= EXERCISE =
What you give back must match the data character for character.
[THE RECORDS — start]
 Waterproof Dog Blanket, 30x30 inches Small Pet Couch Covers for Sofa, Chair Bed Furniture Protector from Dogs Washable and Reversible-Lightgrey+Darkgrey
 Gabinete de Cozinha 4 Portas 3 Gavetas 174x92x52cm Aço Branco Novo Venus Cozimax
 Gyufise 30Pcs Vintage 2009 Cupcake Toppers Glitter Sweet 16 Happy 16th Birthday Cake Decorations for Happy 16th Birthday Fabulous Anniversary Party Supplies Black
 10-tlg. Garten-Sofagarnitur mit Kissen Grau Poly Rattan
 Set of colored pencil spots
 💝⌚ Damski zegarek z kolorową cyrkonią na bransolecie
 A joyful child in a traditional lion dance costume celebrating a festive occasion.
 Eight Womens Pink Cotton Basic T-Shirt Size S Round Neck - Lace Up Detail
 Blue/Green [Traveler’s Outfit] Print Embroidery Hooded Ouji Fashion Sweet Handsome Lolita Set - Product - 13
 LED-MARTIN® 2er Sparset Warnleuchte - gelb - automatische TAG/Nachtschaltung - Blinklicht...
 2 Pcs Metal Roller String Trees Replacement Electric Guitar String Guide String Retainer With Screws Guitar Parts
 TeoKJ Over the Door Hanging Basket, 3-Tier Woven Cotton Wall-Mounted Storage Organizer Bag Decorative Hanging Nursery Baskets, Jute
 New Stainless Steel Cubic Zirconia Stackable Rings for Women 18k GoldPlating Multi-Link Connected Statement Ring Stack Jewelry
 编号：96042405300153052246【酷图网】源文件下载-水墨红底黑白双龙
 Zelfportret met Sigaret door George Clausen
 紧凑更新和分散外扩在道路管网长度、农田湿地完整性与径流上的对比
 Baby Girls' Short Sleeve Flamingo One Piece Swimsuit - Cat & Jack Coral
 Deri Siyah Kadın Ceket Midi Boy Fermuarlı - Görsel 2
[THE RECORDS — finish]
= SOLUTION TO THIS PROBLEM =
 Waterproof Dog Blanket, 30x30 inches Small Pet Couch Covers for Sofa, Chair Bed Furniture Protector from Dogs Washable and Reversible-Lightgrey+Darkgrey
 Gabinete de Cozinha 4 Portas 3 Gavetas 174x92x52cm Aço Branco Novo Venus Cozimax
 Gyufise 30Pcs Vintage 2009 Cupcake Toppers Glitter Sweet 16 Happy 16th Birthday Cake Decorations for Happy 16th Birthday Fabulous Anniversary Party Supplies Black
 10-tlg. Garten-Sofagarnitur mit Kissen Grau Poly Rattan
 Set of colored pencil spots
 💝⌚ Damski zegarek z kolorową cyrkonią na bransolecie
 A joyful child in a traditional lion dance costume celebrating a festive occasion.
 Eight Womens Pink Cotton Basic T-Shirt Size S Round Neck - Lace Up Detail
 Blue/Green [Traveler’s Outfit] Print Embroidery Hooded Ouji Fashion Sweet Handsome Lolita Set - Product - 13
 LED-MARTIN® 2er Sparset Warnleuchte - gelb - automatische TAG/Nachtschaltung - Blinklicht...
 2 Pcs Metal Roller String Trees Replacement Electric Guitar String Guide String Retainer With Screws Guitar Parts
 TeoKJ Over the Door Hanging Basket, 3-Tier Woven Cotton Wall-Mounted Storage Organizer Bag Decorative Hanging Nursery Baskets, Jute
 New Stainless Steel Cubic Zirconia Stackable Rings for Women 18k GoldPlating Multi-Link Connected Statement Ring Stack Jewelry
 编号：96042405300153052246【酷图网】源文件下载-水墨红底黑白双龙
 Zelfportret met Sigaret door George Clausen
 紧凑更新和分散外扩在道路管网长度、农田湿地完整性与径流上的对比
 Baby Girls' Short Sleeve Flamingo One Piece Swimsuit - Cat & Jack Coral
 Deri Siyah Kadın Ceket Midi Boy Fermuarlı - Görsel 2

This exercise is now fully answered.